We must free ourselves of the hope that the sea will ever rest. We must learn to sail in high winds. – Aristotle Onassis
I’ve been reading the same paper again and again for the last week, trying to figure out how I should read. You would think I would know how to do that by now, but it’s harder than you think.
There is a passage in Robert Pirsig’s Zen and the art of motorcycle maintenance where the main character, Phaedrus, is wrestling with the writing of Kant, the great German philosopher. Phadreus approaches each sentence like a chess move, testing, probing, looking for flaws, looking for a weakness he can thrust through. Trying to see if what is said is true, if it is worth knowing.
The difficulty with words is that there are so many of them out there. And not all of them are good. If you are serious about the work you have to get better at telling the good ones from the bad. But why would you do that?
It turns out that high performing individuals are rare, and so are high performing organizations. And this is because the way we learn new things and apply them vary in how effective they are.
Most of the time we try and do what we’re doing better. This is called single-loop learning. If you make an omelette day after day then you’ll get better at making an omelette. That’s the same with form filling or doing a task at your work – you get better over time.

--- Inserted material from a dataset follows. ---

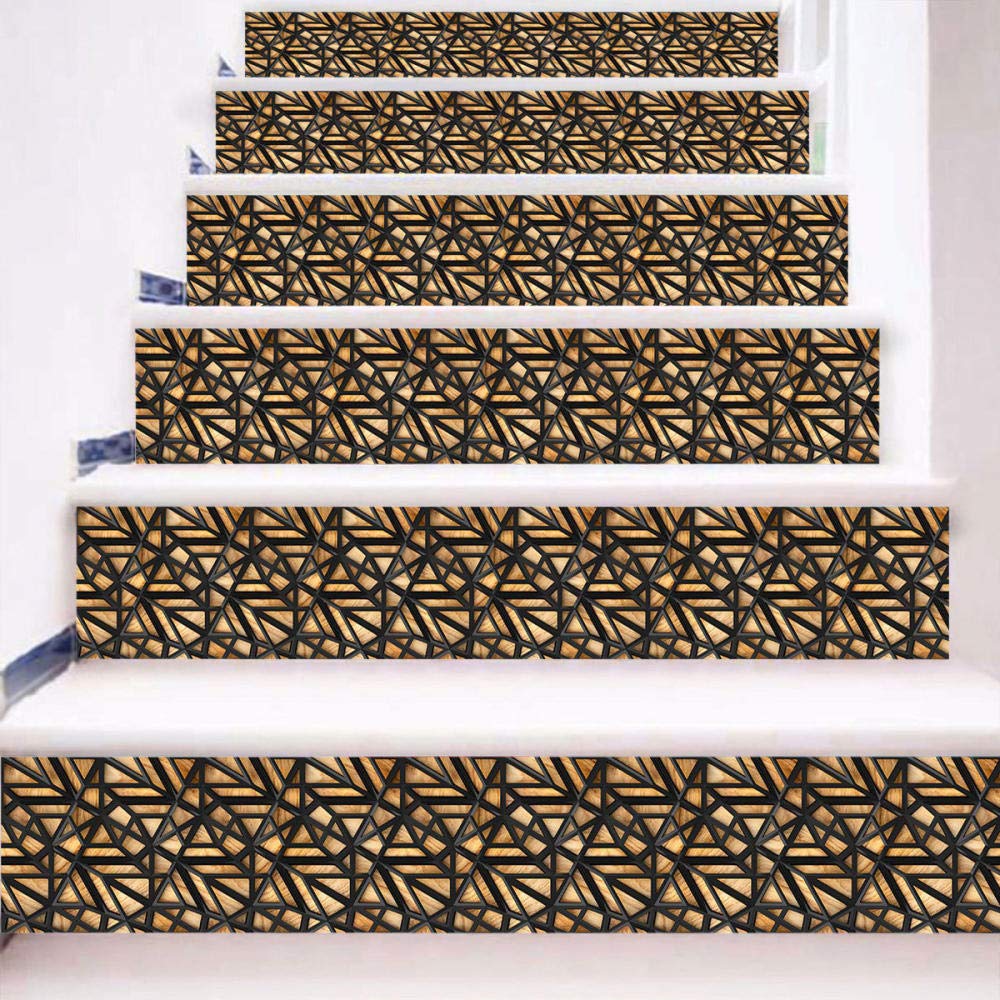 funlife 14 STKS Zelfklevende Trap Stickers, Peel and Stick Vinyl Trap Risers Trap Muurschilderingen Stickers Sticker Decor voor Stappen, 39 x 7,1 , Faux Verweerd Rustiek Hout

Getting even better starts with taking a step back and asking if the task you are doing is the right thing to do. Is it helping you achieve your goals? For example, a lot of people spend up working on tasks that customers don’t really care about. You might send out detailed emails that they don’t read, for example. If you find out what customers actually want and then send them that instead you’re starting to engage in double-loop learning – going from a task focus to figuring out the right thing to do.
From there, it gets harder to improve. Higher order thinking, or triple-loop learning is something that high performing individuals and high performing organizations do but it’s not easy to get your head around.
The model that starts this post is one way to think about it.
It starts with being open to learning new stuff, from books and other resources and from others in your network who know more than you might. How much new knowledge have you gained since your last degree?
You need to be able to take that knowledge and move it into your own space – whether it’s to help you work better or to help your organization work better. And you often start with figuring out where the gaps are when it comes to doing the best job you can.
Getting to that working better part is a little like evolving, hopefully to something that adapts better to the situation you’re in. The variation-selection-retention cycle explains how this happens. Now that you’ve learned something new you pick something to try, a kind of experiment. Then you learn from that, and keep what works, what is best for you. It sounds simple, but it’s not easy to do, for a couple of reasons.
The first has to do with taking the time to think about and reflect on what’s going on. What are you trying to achieve, how well did your experiment work and what did you learn. What would you change? What would you keep?
This kind of reflection on what went well, what went badly and what you are going to do next is important if you want to be able to make a sustained improvements in your practice.
But there is always a problem, especially when you work with others. People don’t like change, especially change that they haven’t asked for. This will make them unhappy. It’s called adaptive tension, and you need to manage that. If you don’t then people will go back to the old ways of doing things as soon as they can because all your new ideas are simply a pain in the rear for them.
This is a big reason why large change projects fail, because consultants or leaders bring in new stuff without thinking through how the people affected will think and feel and react.
But if you can do these things then you’re engaging in higher order thinking, and you have the pieces in place to be a high performing individual or build a high performing team.